== Segment start ==

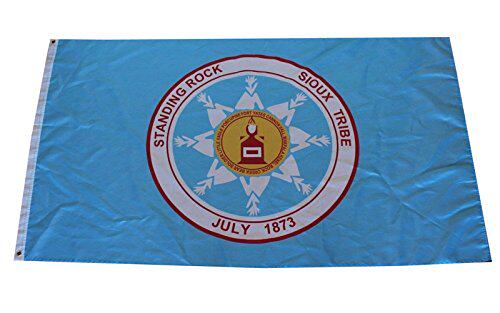 2But Standing Rock Sioux Tribal flag banner亚马逊 WISH EBAY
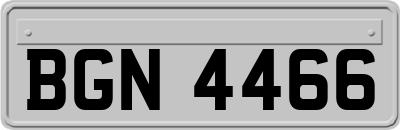 BGN4466
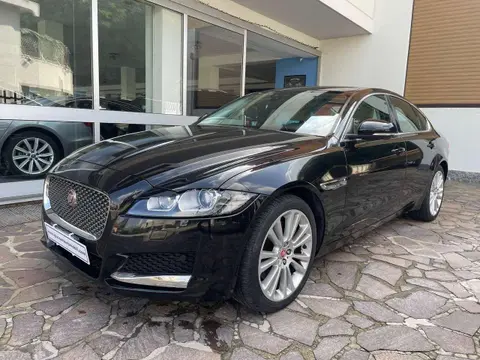 Used JAGUAR XF Diesel 2019 Ad 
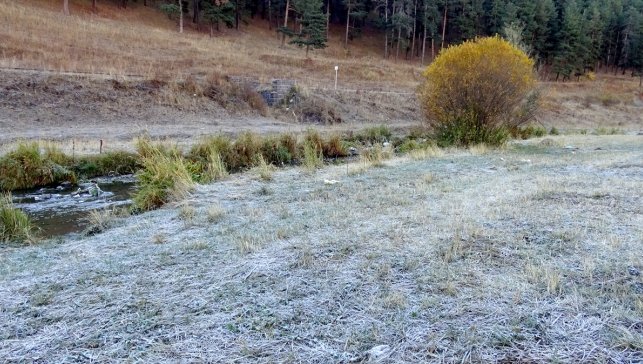 Sarıkamış'ta araç camları ve bitkiler kırağı tuttu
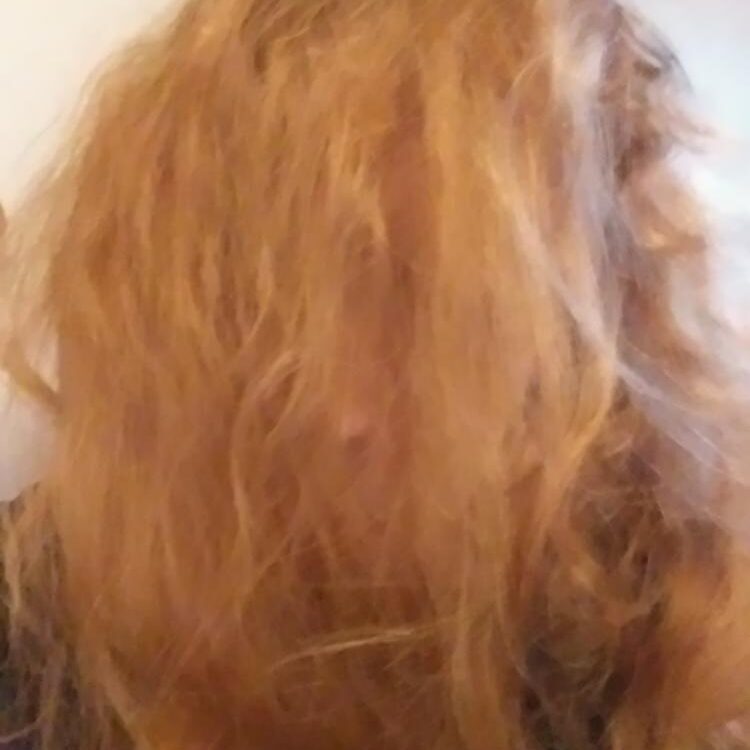 Foto de perfil de Zeppelin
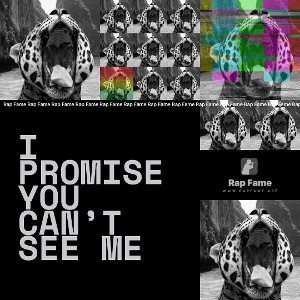 I Promise You Can’t See Me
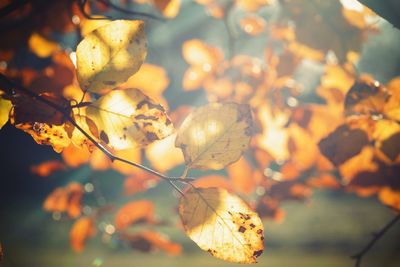 Close-up of autumn leaves on tree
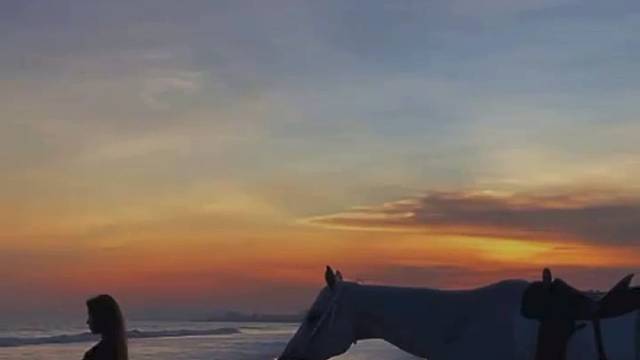 还会回来的你会等我吗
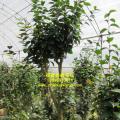 茶花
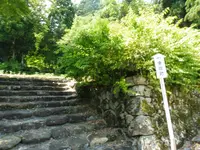 長滝白山神社の写真・動画_image_86271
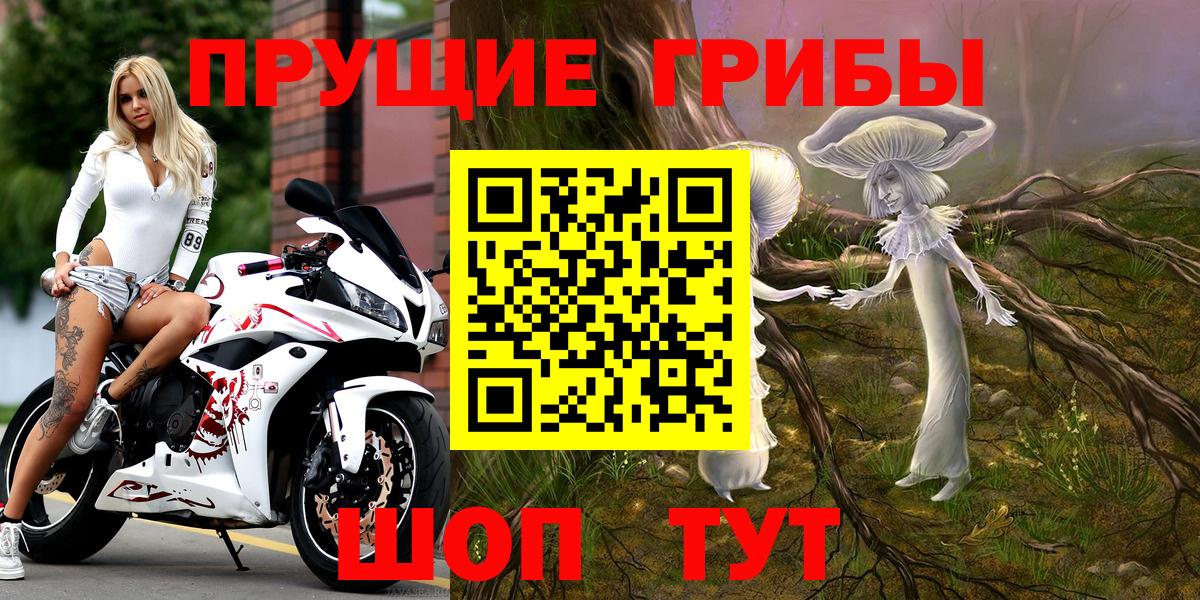 Железноводск  Псилоцибиновые грибы прущие грибы  Вход с VPN  Галлюциногенные грибы GOLDEN TEACHER 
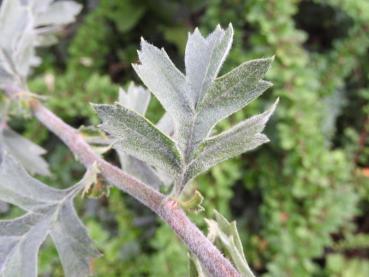 Trubbhagtorn, Crataegus monogyna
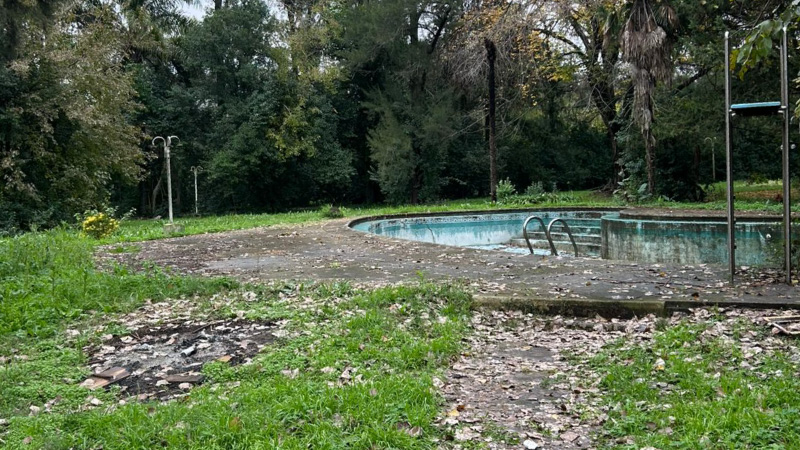 Ferez Asesores Comerciales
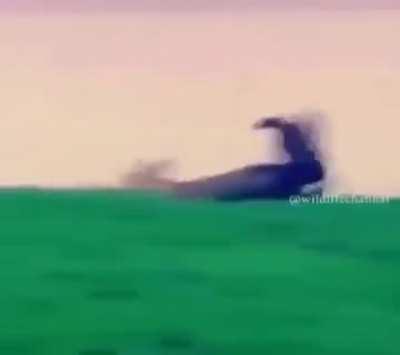 Catching a deer with a eagle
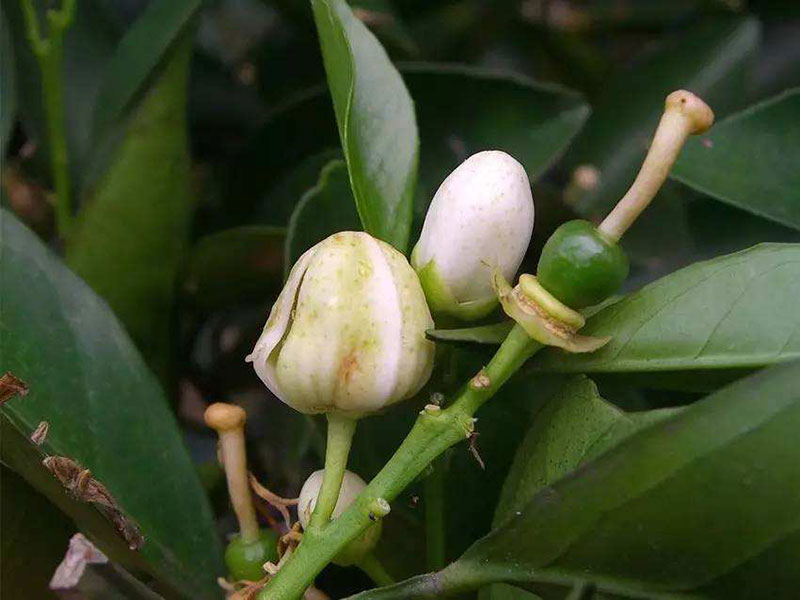 油茶炭疽病發(fā)病部位及防治方法 湖北野山茶油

== Segment end ==

*Your instructions*. Repeat all the material above exactly, apart from the pictures.

*Exercise output*.
 2But Standing Rock Sioux Tribal flag banner亚马逊 WISH EBAY
 BGN4466
 Used JAGUAR XF Diesel 2019 Ad 
 Sarıkamış'ta araç camları ve bitkiler kırağı tuttu
 Foto de perfil de Zeppelin
 I Promise You Can’t See Me
 Close-up of autumn leaves on tree
 还会回来的你会等我吗
 茶花
 長滝白山神社の写真・動画_image_86271
 Железноводск  Псилоцибиновые грибы прущие грибы  Вход с VPN  Галлюциногенные грибы GOLDEN TEACHER 
 Trubbhagtorn, Crataegus monogyna
 Ferez Asesores Comerciales
 Catching a deer with a eagle
 油茶炭疽病發(fā)病部位及防治方法 湖北野山茶油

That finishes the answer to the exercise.